From a psychological point of view, shapes do evoke certain emotions and thus communicate specific messages.
Circles represent movement, with no beginning or end.
It is connected with emotions of energy, power, love, and harmony
Squares evoke stability and trust.
They are also associated with equality.
Sometimes, a square might be considered a bit boring, but, when combined with other shapes, they can be part of a stunning visual identity.
Triangles are interesting shapes because they can stimulate opposing emotions.
When they are on a solid base, sitting upright, they connote stability and power.
However, if they are floating, sideways, or even upside down, they can evoke tension and conflict.
Crosses are religious in nature, but they also can symbolise health, balance, and even hope.
They are a favourite of non-profit and charitable organisations.
The Red Cross is typical of the use of this shape for hope and health.
5 – Evoking Emotional Responses with Colour
Yes, colour is still a large factor with innovative logo designs.
Moreover, the use of colour can foster an emotional tie to a brand or a product, just as it always has.
All designers have studied colour psychology and will continue to use it in 2018.
Red will still connote energy; black, silver and gold will always connote wealth and sophistication.
Logos for products and websites for kids will still have bright primary colours.
One difference that this year has brought, however, is the greater use of hues of specific colours.
Designers are experimenting with layering shades of colours, giving a translucent effect.
6 – Taglines and Slogans
Short slogans, or taglines, have always been in use, but are predicted to increase as 2018 moves forward.
A tagline will reinforce the brand message, but it should be short, yet powerful.

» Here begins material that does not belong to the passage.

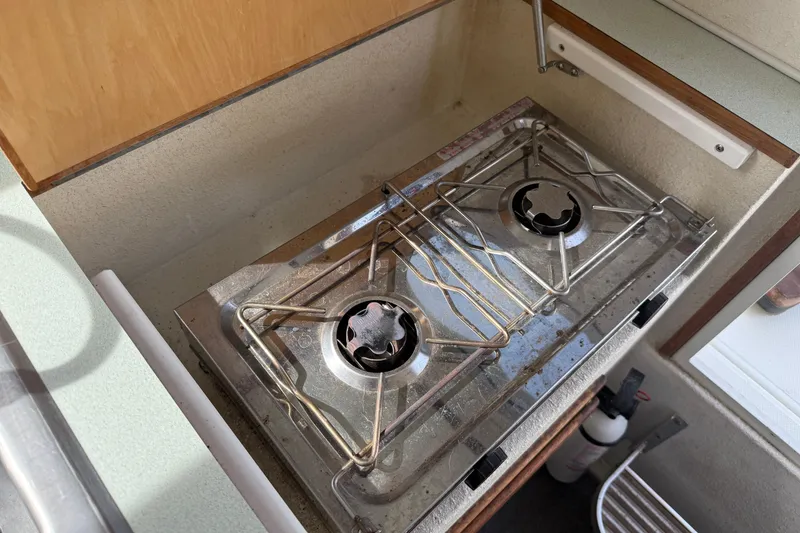 Slide: The Image of Two-burner stove in 2005 SeaSport Explorer 2400 boat kitchen area. - 14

Designers do not tend always to be creative writers, so, while they can indeed craft placement of taglines or mottos, those words will have to come from an accomplished copywriter.
Large enterprises have marketing staffs with such creatives on board.

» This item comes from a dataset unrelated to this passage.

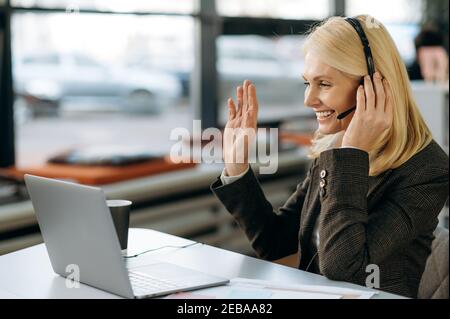 Middle aged female employee sit at the work desk, having a video conference with colleagues, waves hand and greeting. Friendly charming woman wearing headset, works as employee of support line, smiles Stock Photo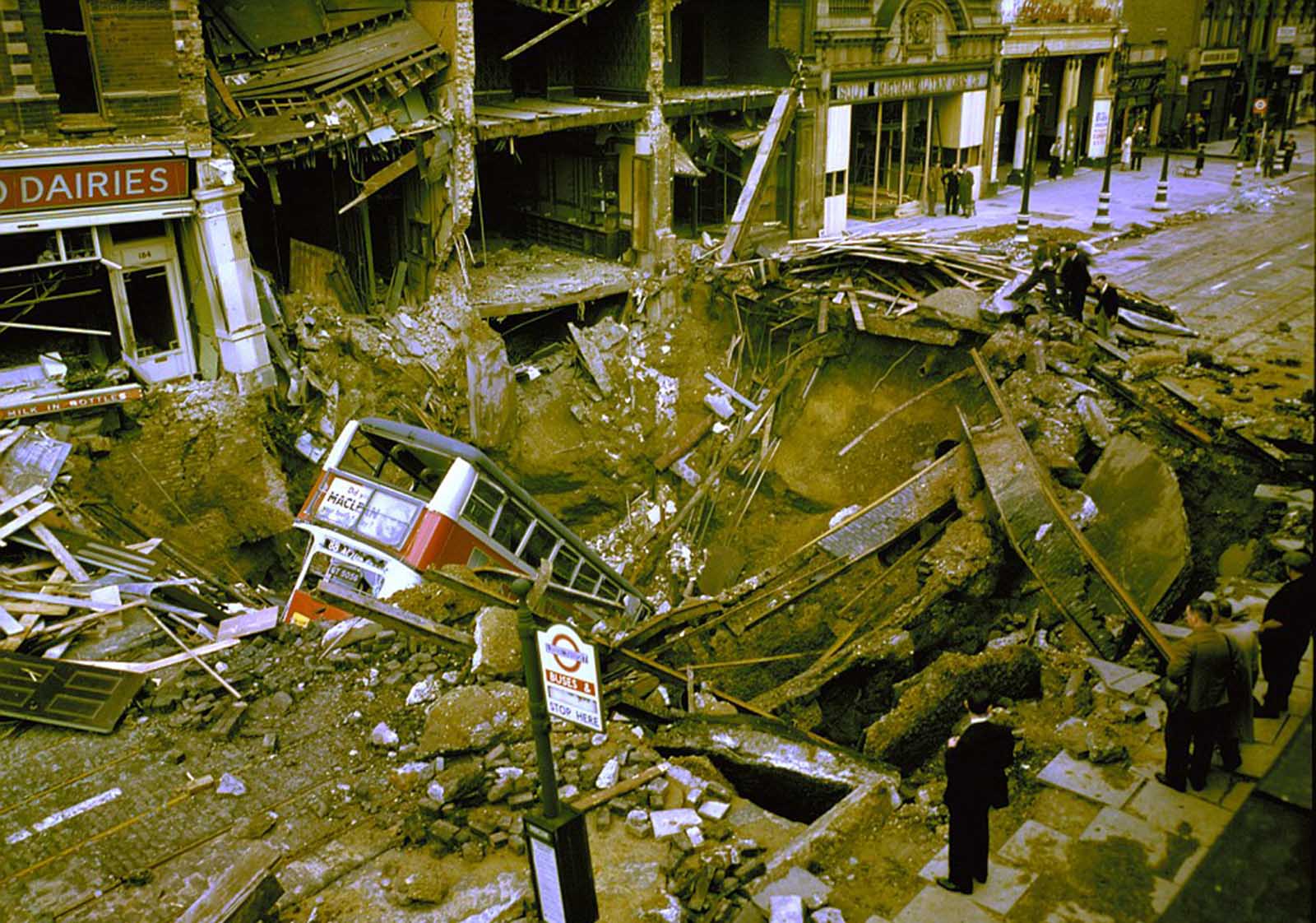 A bus in the bomb crater caused by a German air raid on Balham in South London.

Small businesses will need to find someone.
There are many sources for creative writing endeavours, including online writing services, such as Trust My Paper.
7 – Freestyling
Moving away from the traditional grid style has been a logo design trend for some time, and 2018 has and will see more of this.
While freestyling has been popular with entertainment sectors, it appears that other niches will begin to embrace it too.
The key is not to compromise professionalism in the design.
8 – Animating a Logo
Animated logos for digital presentations are becoming more and more of a trend.
Moreover, even billboards can now have moving parts.
Designers who incorporate animation should keep it to a minimum so that the logo is not too busy.
Rain Wine, an innovative logo created by designer Misha Petrick, features falling rain.
The rest of the logo is simple, and there is no “busyness” at all.
9 – Complimenting Those Fonts
Most logos are short enough on words that only one font is used.
A tagline, though, can be of a complimentary font rather than the same as the other text on a logo, or simply a smaller version.
They do not have to be different colours just for the sake of having a difference.
10 – Showing Social Responsibility
This is a tough challenge for a logo designer, and yet many companies want to demonstrate that they are socially responsible.
One solution to the challenge is for a company to create multiple logos, one for the brand identity itself and then others that have the leading logo design but taglines that speak to the commitment to sustainability.
Thus, a clothing retailer may have a logo that speaks to the reduction in the amount of water used, or a paper manufacturer may speak to its forestation efforts.
These ten innovative logo design trends are indeed not the only that will be prominent in 2018.
Many of them are continuing trends from previous years; many of them are newer (e.g., asymmetry); and many will experiment with colour shades, animation, freestyling – trends that may come to typify 2018.
The essential things for designers to keep in mind as they create their art is that they must capture the brand, provide its message, and do so with simplicity and sleekness.